Work order:
Write every line below out again exactly, images omitted.

Data provided:
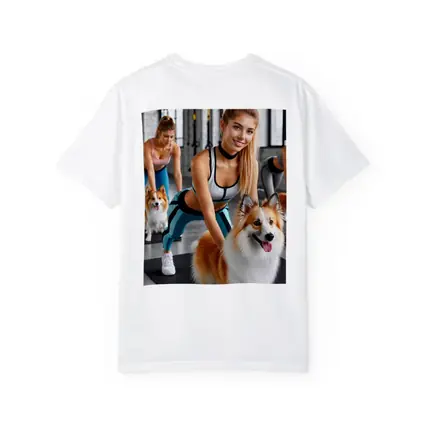 Women Working Out With Shetland Sheepdogs Gym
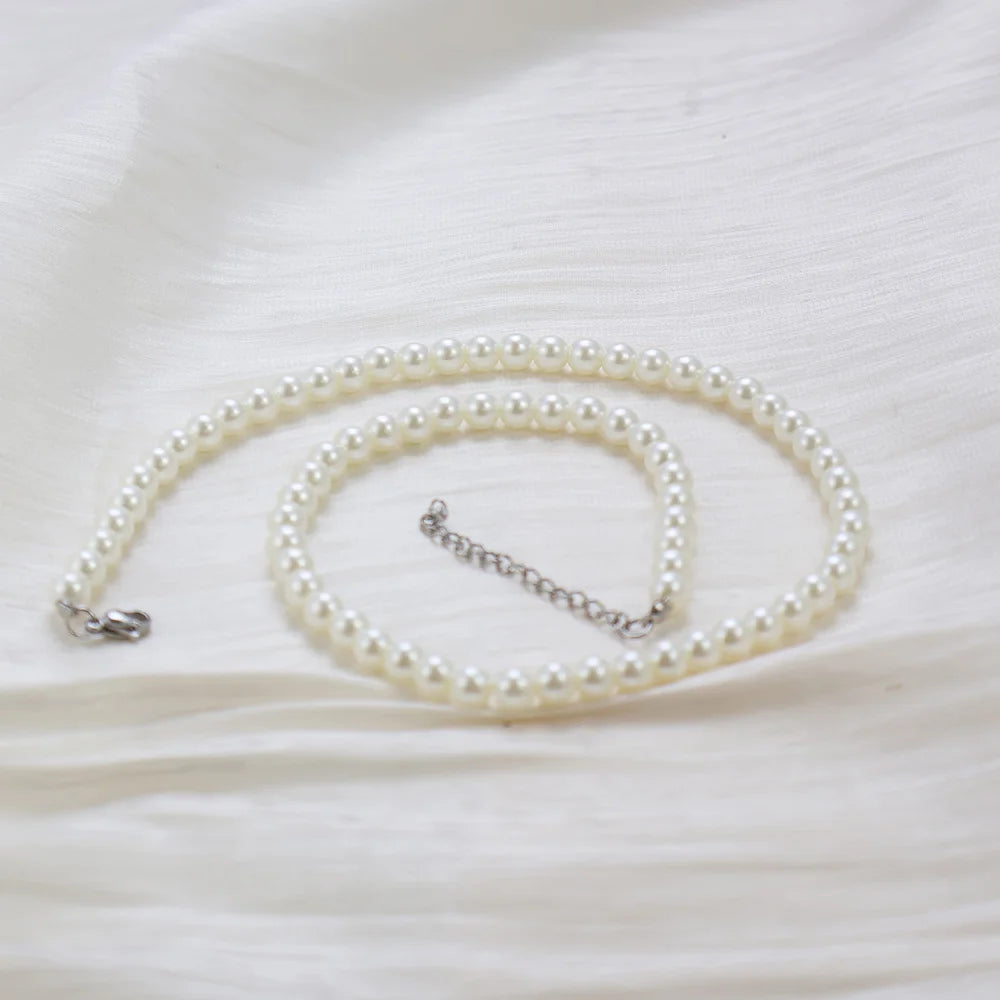 18K Gold Plated Baroque Pearl Fashion Necklace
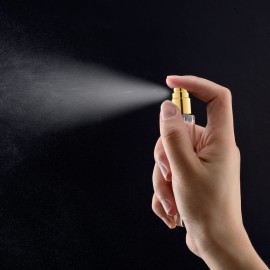 KOIBITO 10ml Glass Perfume Spray Bottle for Men & Women. Refillable Glass Atomizer with Aluminum Cap&Pump. Portable Fragrance Bottle for Perfume, Cologne, Moisturizing (6PCS, Gold)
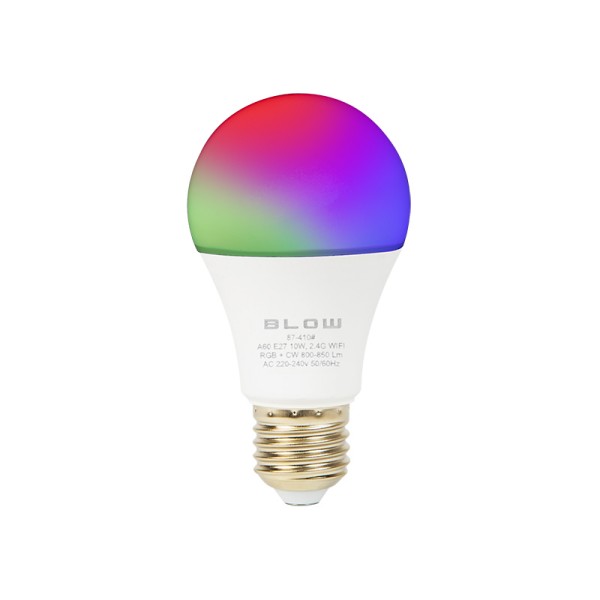 LED žarnica E27 10W 230V RGB+CW WIFI 87-410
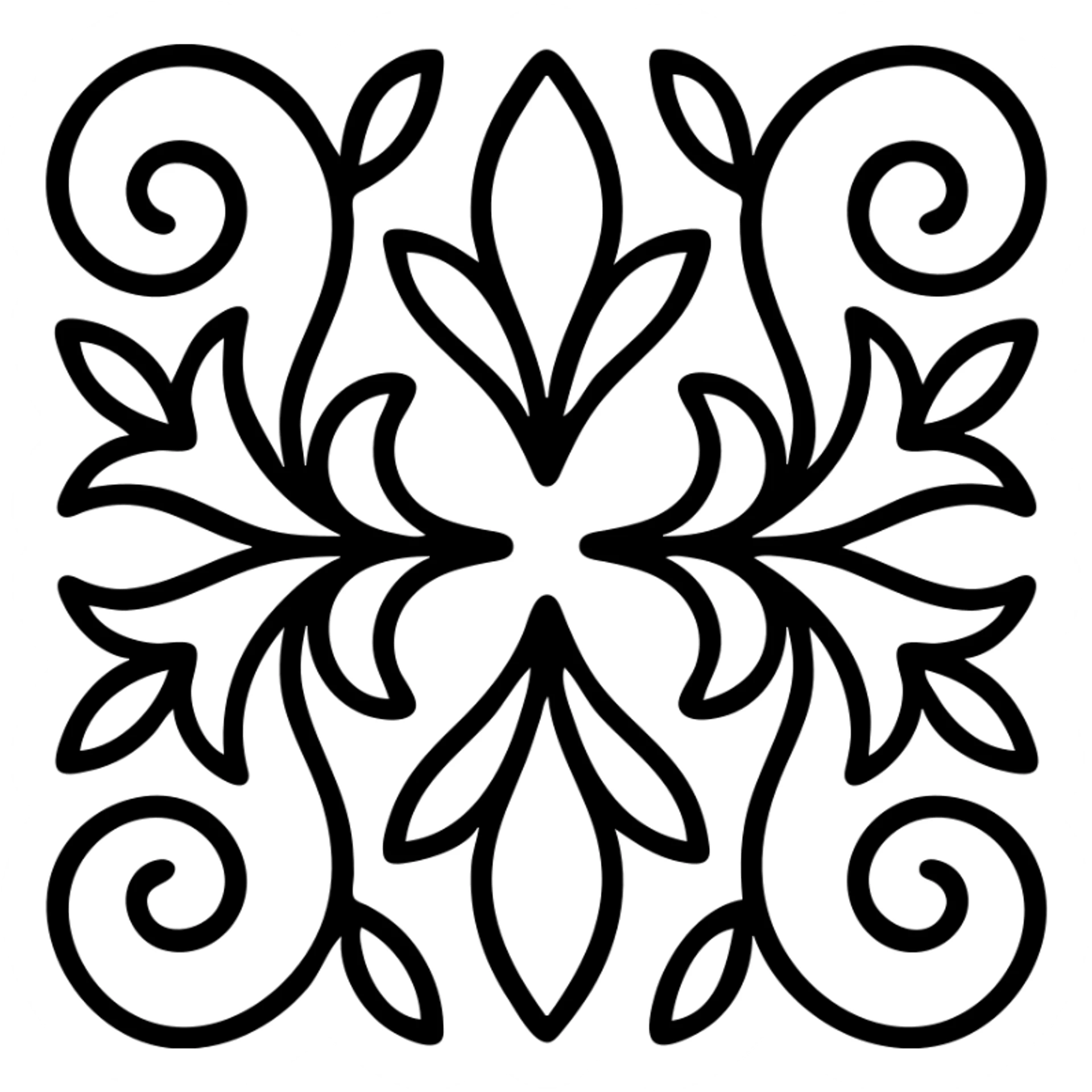 stencil pattern in Provence style sticker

Response below:
 Women Working Out With Shetland Sheepdogs Gym
 18K Gold Plated Baroque Pearl Fashion Necklace
 KOIBITO 10ml Glass Perfume Spray Bottle for Men & Women. Refillable Glass Atomizer with Aluminum Cap&Pump. Portable Fragrance Bottle for Perfume, Cologne, Moisturizing (6PCS, Gold)
 LED žarnica E27 10W 230V RGB+CW WIFI 87-410
 stencil pattern in Provence style sticker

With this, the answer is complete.